▶ _Task requirements_
From first line to last, transcribe the listing exactly and skip any image.
═══
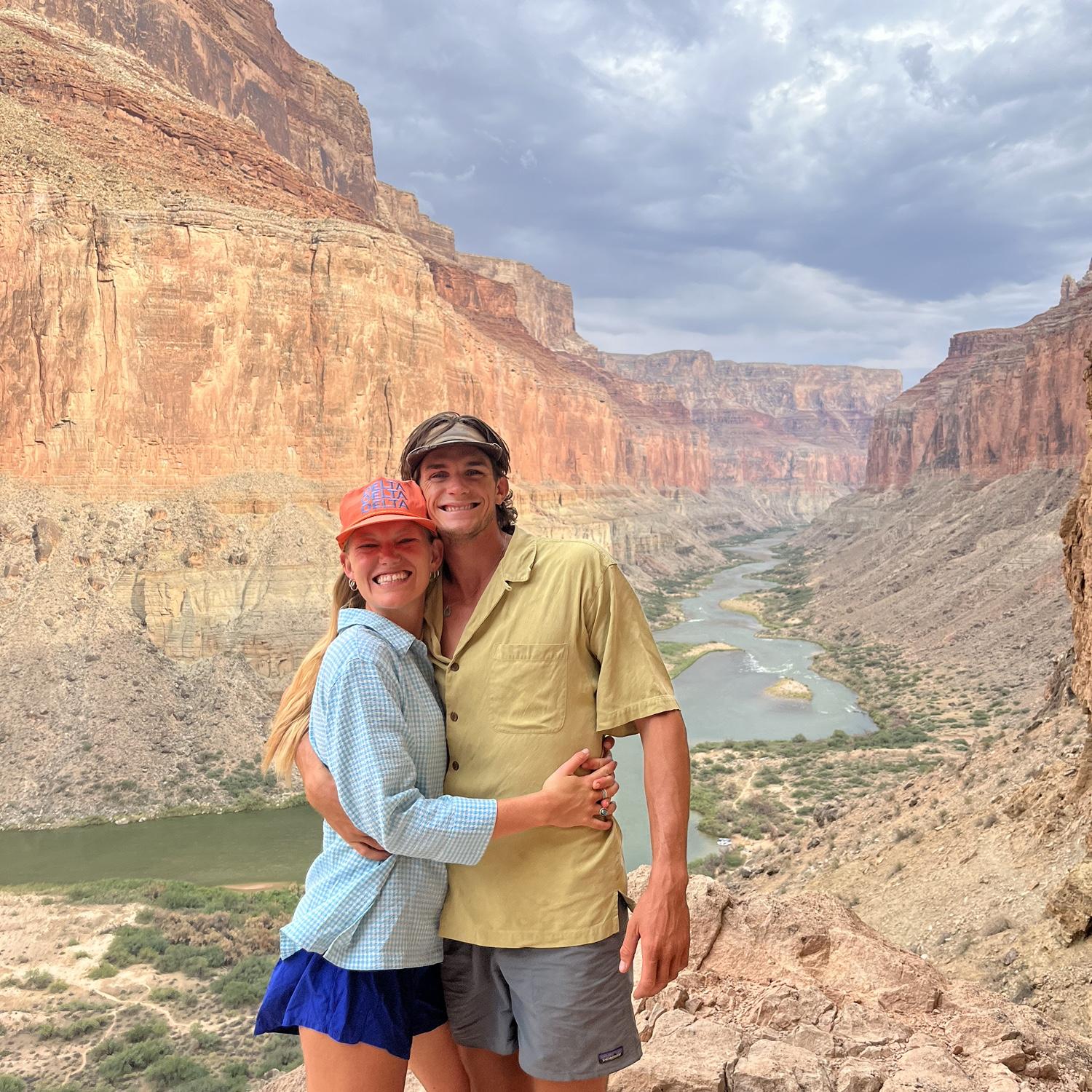 One of our favorite places on the planet! The Grandest of canyons!!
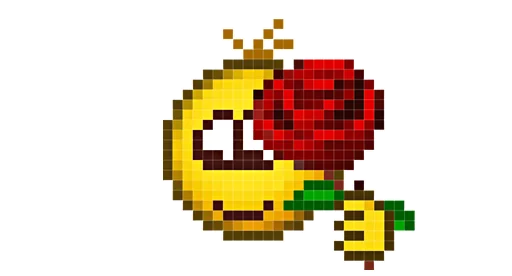 🌹 Стикер «Kolobok» для Telegram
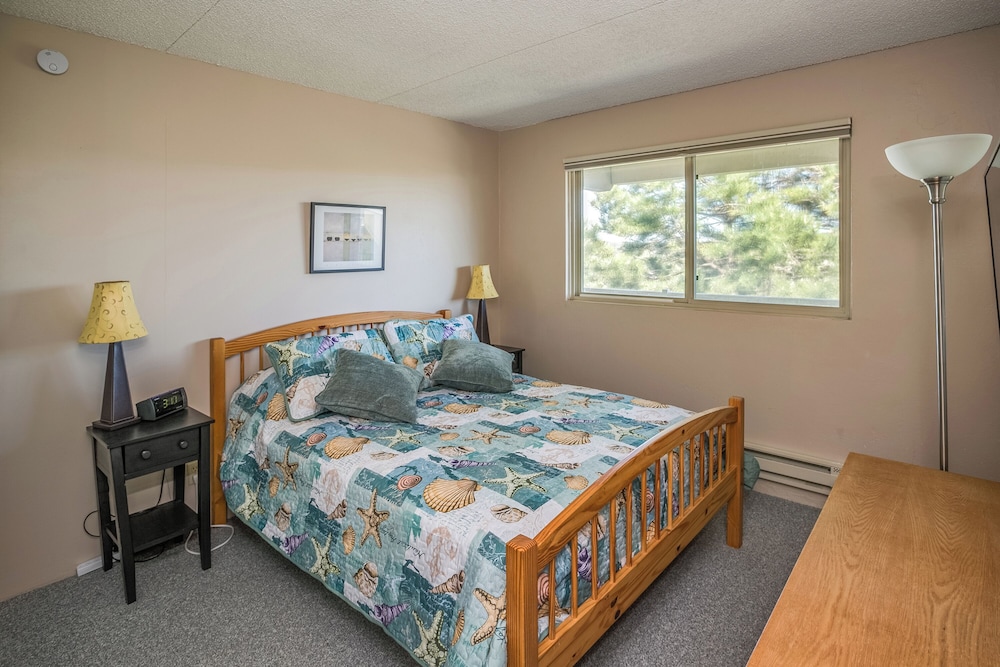 Gearhart House G740. 5th floor condo with amazing ocean views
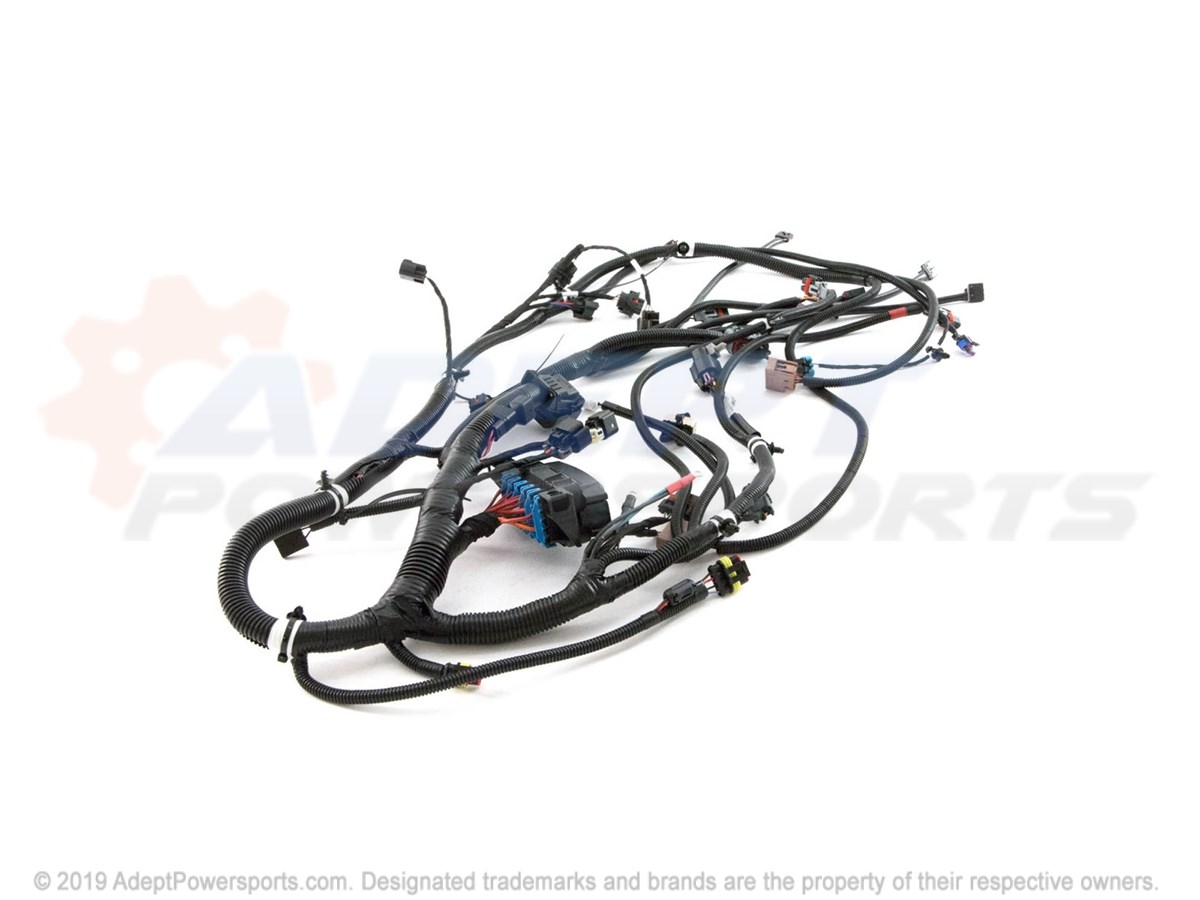 Polaris 2412742 Harness-Main, Spmn, 570, Prem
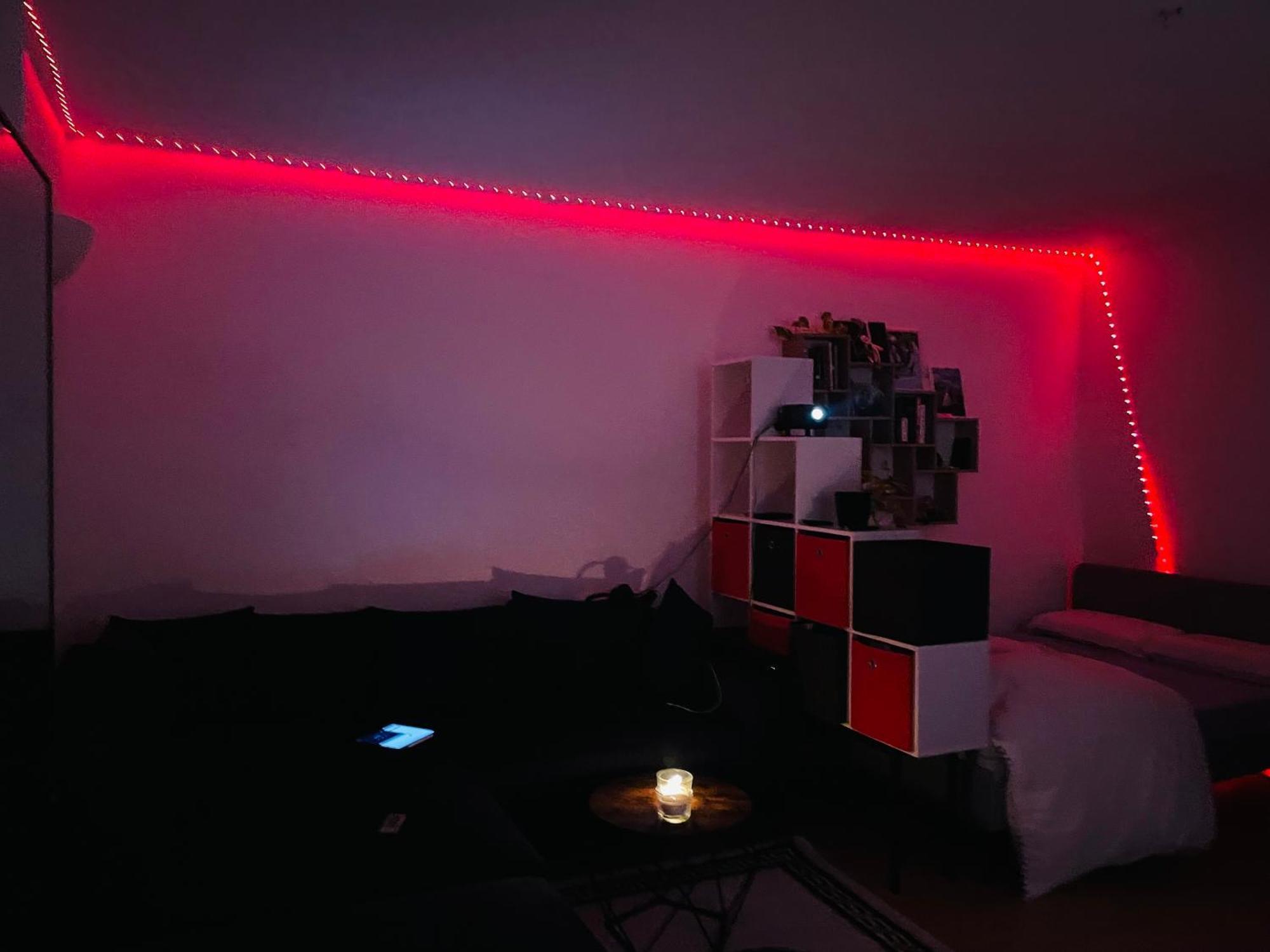 2-rooms Flat In Berlin-wedding Apartment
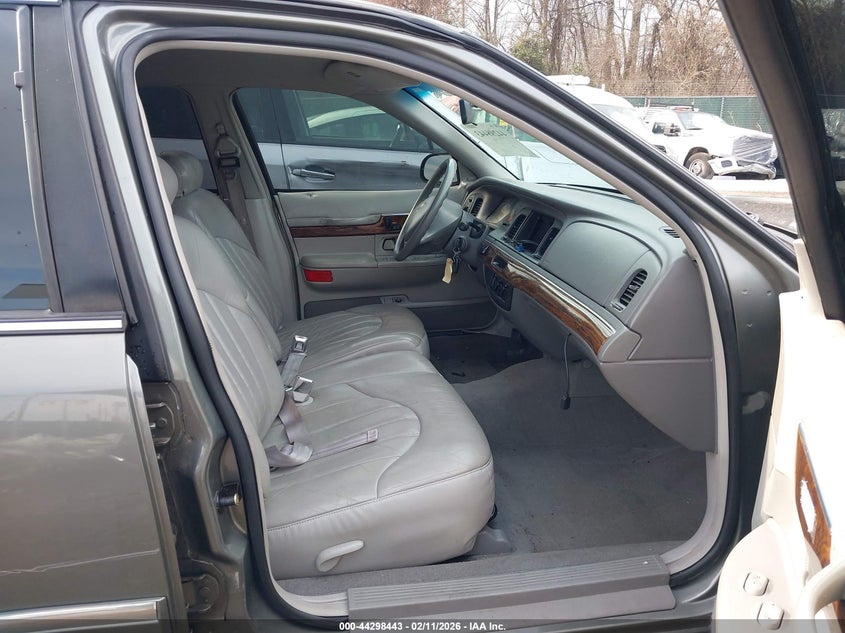 1998 Mercury Grand Marquis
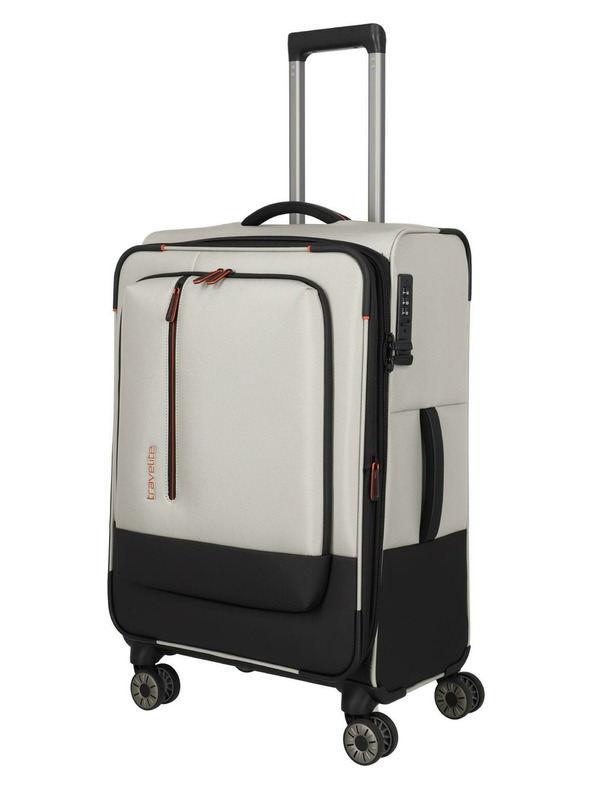 Travelite Travelite Crosslite 5.0 M White Sand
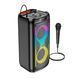 Колонка Bluetooth Hoco HA6 black+1 мікрофон black 38914 фото 2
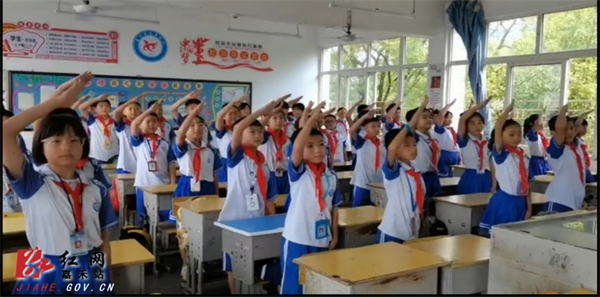 向老师致以最崇高的队礼.jpg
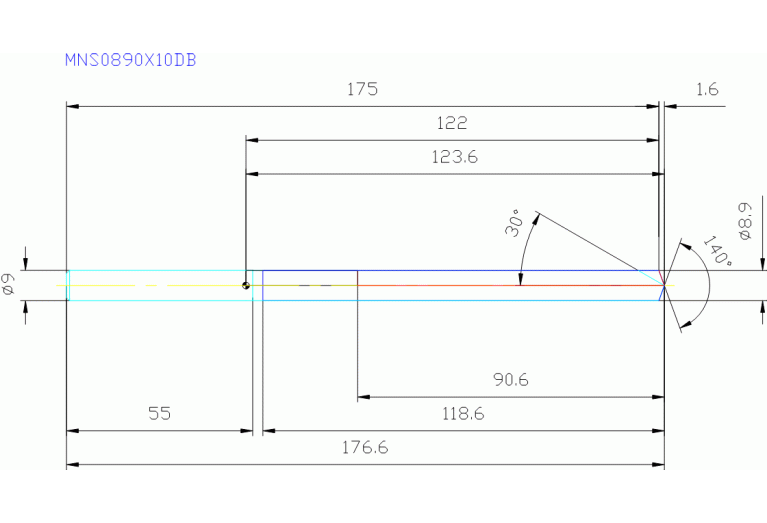 MNS0890X10DB TF15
═══
▶ _Task response_
 One of our favorite places on the planet! The Grandest of canyons!!
 🌹 Стикер «Kolobok» для Telegram
 Gearhart House G740. 5th floor condo with amazing ocean views
 Polaris 2412742 Harness-Main, Spmn, 570, Prem
 2-rooms Flat In Berlin-wedding Apartment
 1998 Mercury Grand Marquis
 Travelite Travelite Crosslite 5.0 M White Sand
 Колонка Bluetooth Hoco HA6 black+1 мікрофон black 38914 фото 2
 向老师致以最崇高的队礼.jpg
 MNS0890X10DB TF15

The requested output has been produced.